A list containing the results of the current chunk.

TYPE: list[Any]

chunk_index

The index of the chunk, used to maintain order. If None, the handler may assume that the results are already in the correct order.

TYPE: int | None DEFAULT: None

*args

Additional positional arguments that may be used by specific implementations.

TYPE: tuple[Any] DEFAULT: ()

**kwargs

Additional keyword arguments that may be used by specific implementations.

TYPE: dict[str, Any] DEFAULT: {}

finalize(saver)

Finalizes the result collection process by flushing any remaining data and saving it if required.
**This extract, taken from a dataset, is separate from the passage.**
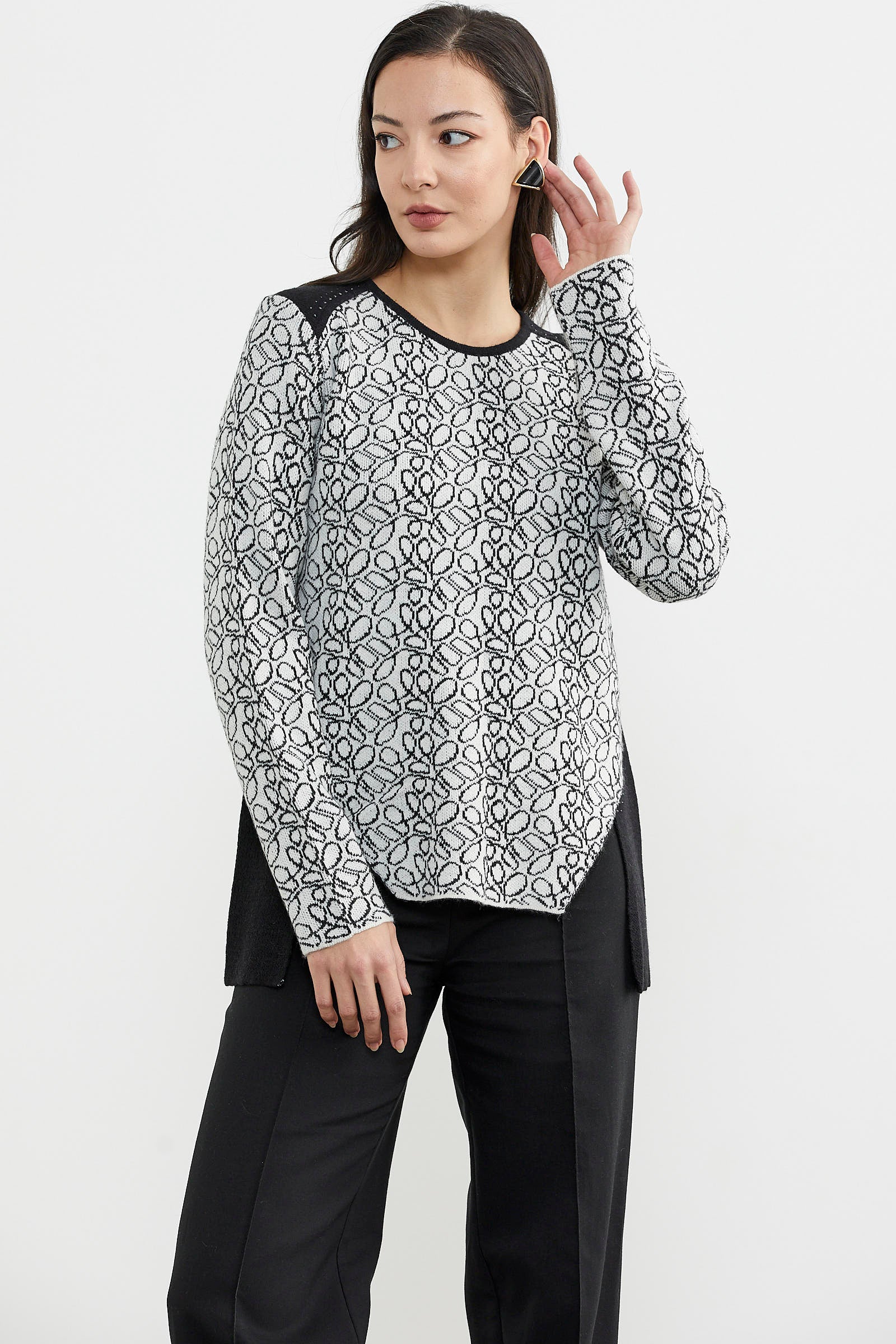 Çiçek Desenli Arkası Uzun Triko Kazak - Siyah (4) Sementa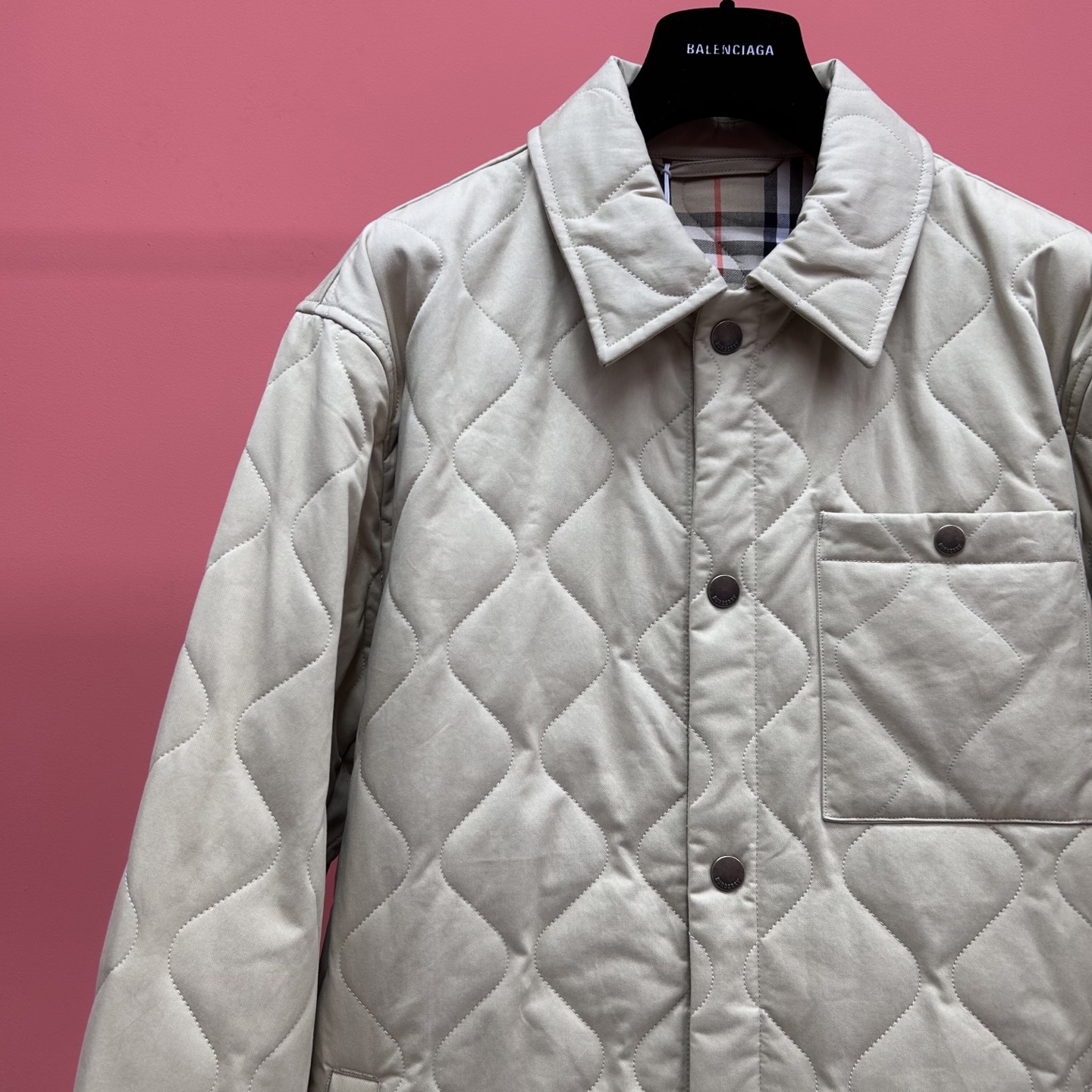 Burberry Quilted Gabardine Overshirt with Check Lining - Stylish & Durable 4 i1755752694057 357 0 1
This method is called once after all chunks have been processed. It provides an opportunity to persist any remaining results or perform any necessary cleanup. The implementation should ensure that the final state of the accumulated results is complete and ready for retrieval.

PARAMETER DESCRIPTION
saver

An instance of a Saver used to persist the final accumulated results. If None, no saving operation is performed.

TYPE: Saver | None

get_results()

Retrieves the accumulated results.

Depending on the implementation, this method may return a list, a dictionary, or another data structure representing the collected results. For instance, a list aggregator may return all individual results in order, while a statistical aggregator might return computed metrics like mean and variance.

RETURNS DESCRIPTION
list[Any] | dict[str, Any]

The accumulated results in their appropriate format.

periodic_save_if_needed(saver, save_interval)

Optionally saves partial results based on a defined save interval.

This method is called periodically (e.g., after processing each chunk) by the TaskManager to determine if the current accumulated results should be persisted to a storage medium. Implementations may override this method to incorporate saving logic, or leave it as a no-op if saving is handled differently.

PARAMETER DESCRIPTION
saver

An instance of a Saver responsible for persisting results. If None, no saving operation is performed.

TYPE: Saver | None

save_interval

The number of results that should trigger a save operation.

TYPE: int

ListResultHandler()

Bases: BaseResultHandler

A result handler that preserves the submission (chunk) order when collecting results in parallel. This handler uses an internal dictionary to store chunks keyed by their chunk index, and flushes completed chunks in ascending order (0, 1, 2, ...) into a final list. This ensures that even if chunks complete out of order, the final results are returned in the correct submission order.

_buffered = {}

A temporary storage for chunks that are not yet flushed, keyed by their chunk index.

_collected = []

A list containing the final, ordered results after flushing.

_next_index = 0

The index of the next expected chunk to flush from the buffered dictionary.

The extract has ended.